Lou made four observations:
1. China’s financial sector is in a “messy” state and faces even worse risks than those in the United States financial markets before the 2008 crash. Most internet financial companies are “quasi-financial frauds.”
2. Presently, China faces three macro risks: The financial sector is generating more profits than other industries combined; the financialization of real estate; and the shift away from the real economy to a financial economy.
The real estate bubble and the financialization of the property sector is very severe. Over 40 percent of loans issued by financial institutions are invested in property, and Chinese home loans in 2017 are expected to be nearly 50 trillion yuan (about $8 trillion).
3. There are several risks peculiar to China, such as the proliferation of trading derivatives with “Chinese characteristics” and the rise of “innovative” financial institutions and regional markets. This makes for a challenging environment to regulate, and hence the probability of China “generating systematic financial risks is fairly big.”
4. Cleaning up financial risks cannot be accomplished in a day. But if the system can be fixed in about three years, the problem of a high nominal interest rate can also be resolved.
The backdrop:
1. In an interview with People’s Daily on Jan. 17, China’s chief banking regulator Guo Shuqing warned of risks in the financial system and the “hidden dangers” of Gray Rhinos and Black Swans. (See our analysis of Guo’s interview)
2. Lou Jiwei gained the recognition and support of former Chinese premier Zhu Rongji in the 1980s. Shortly after Zhu became premier in 1998, Lou was promoted finance vice minister. Later, Lou became the chairman of China Investment Corporation and Central Huijin Investment Co., Ltd.
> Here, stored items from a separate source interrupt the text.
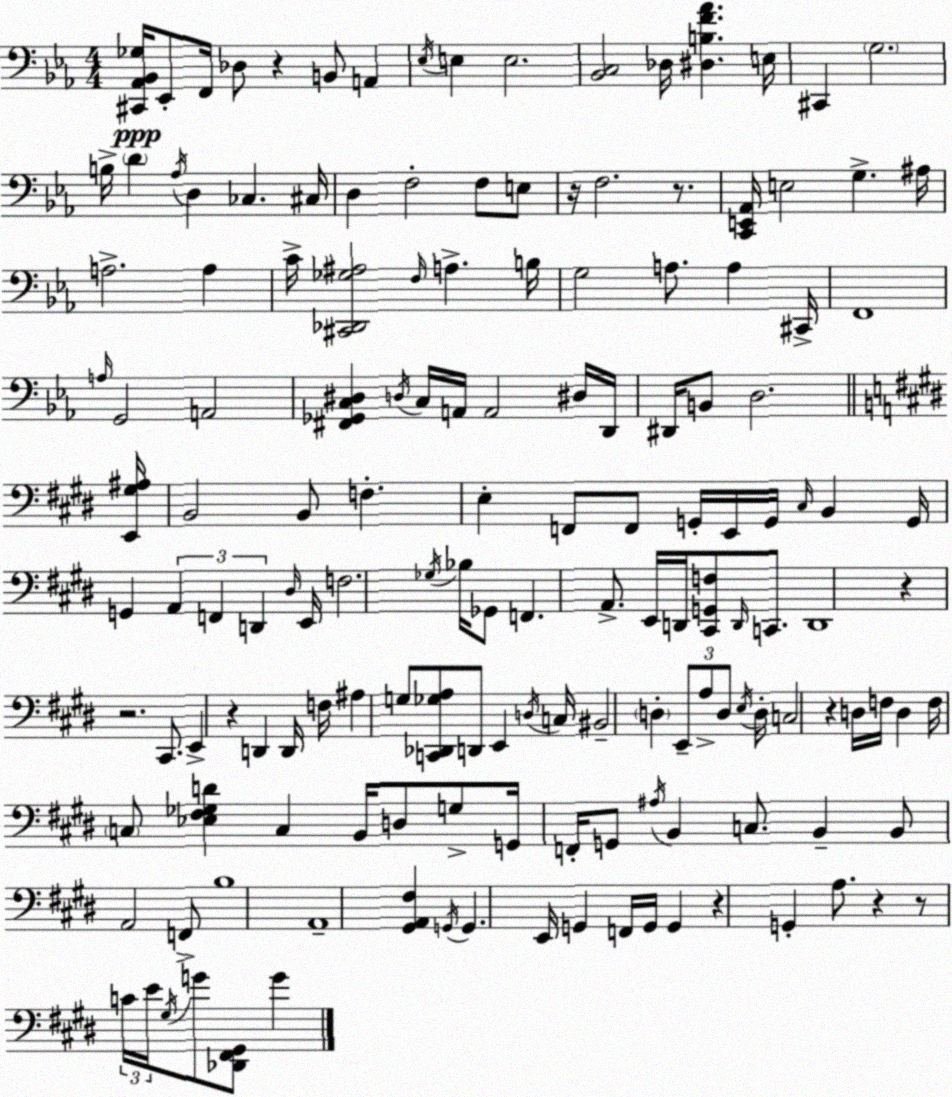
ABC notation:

X:1
T:Untitled
M:4/4
L:1/4
K:Cm
[^C,,_A,,_B,,_G,]/4 _E,,/2 F,,/4 _D,/2 z B,,/2 A,, _E,/4 E, E,2 [_B,,C,]2 _D,/4 [^D,B,F_A] E,/4 ^C,, G,2 B,/4 D _A,/4 D, _C, ^C,/4 D, F,2 F,/2 E,/2 z/4 F,2 z/2 [C,,E,,_A,,]/4 E,2 G, ^A,/4 A,2 A, C/4 [^C,,_D,,_G,^A,]2 F,/4 A, B,/4 G,2 A,/2 A, ^C,,/4 F,,4 A,/4 G,,2 A,,2 [^F,,_G,,C,^D,] D,/4 C,/4 A,,/4 A,,2 ^D,/4 D,,/4 ^D,,/4 B,,/2 D,2 [E,,^G,^A,]/4 B,,2 B,,/2 F, E, F,,/2 F,,/2 G,,/4 E,,/4 G,,/4 ^C,/4 B,, G,,/4 G,, A,, F,, D,, ^D,/4 E,,/4 F,2 _G,/4 _B,/4 _G,,/2 F,, A,,/2 E,,/4 D,,/4 [^C,,G,,F,]/2 D,,/4 C,,/2 D,,4 z z2 ^C,,/2 E,, z D,, D,,/4 F,/4 ^A, G,/2 [C,,_D,,_G,A,]/2 D,,/2 E,, D,/4 C,/4 ^B,,2 D, E,,/2 A,/2 D,/2 E,/4 D,/4 C,2 z D,/4 F,/4 D, F,/4 C,/2 [_E,^F,_G,D] C, B,,/4 D,/2 G,/2 G,,/4 F,,/4 G,,/2 ^A,/4 B,, C,/2 B,, B,,/2 A,,2 F,,/2 B,4 A,,4 [^G,,A,,^F,] G,,/4 G,, E,,/4 G,, F,,/4 G,,/4 G,, z G,, A,/2 z z/2 C/4 E/4 ^G,/4 G/2 [_D,,^F,,^G,,]/2 G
Lou became finance minister when Xi Jinping took office in 2012. He stepped down as finance minister in November 2016 due to age reasons and became the chairman of the National Social Security Fund Council.
Our take:
1. Lou Jiwei’s assessment of China’s financial risks further affirms our pessimistic outlook on the Chinese economy. (See our China 2018 outlook)
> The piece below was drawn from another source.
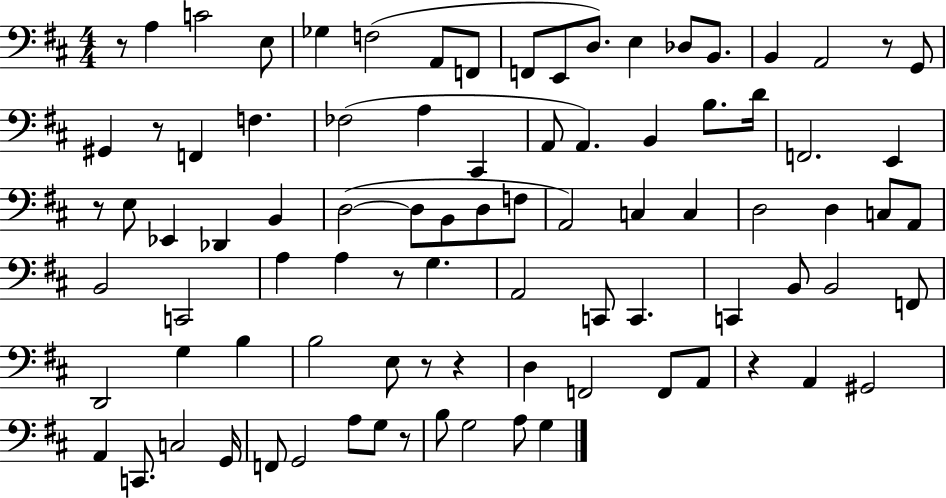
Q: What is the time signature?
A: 4/4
2. China’s financial risks are in danger of blowing up. The Chinese Communist Party (CCP), however, released a 2017 GDP figure that suggests good prospects, and keeps emphasizing that “financial risks can, on the whole, be controlled.”
The CCP’s rhetoric about “controllable” financial risks is implausible in considering the nature of blow-ups. Lehman Brothers’ collapse created a domino effect which led to the 2008 global financial crisis. China’s economy, while not completely free, is just as susceptible to catastrophic financial events. (See “Why 21 Chinese Provinces Cut Growth Estimates in 2018”)
3. Deceit is a CCP trait often manifests in official information and state media reports. Foreign companies in China can sidestep hidden risks by decoding the messaging in publicly available data and literature.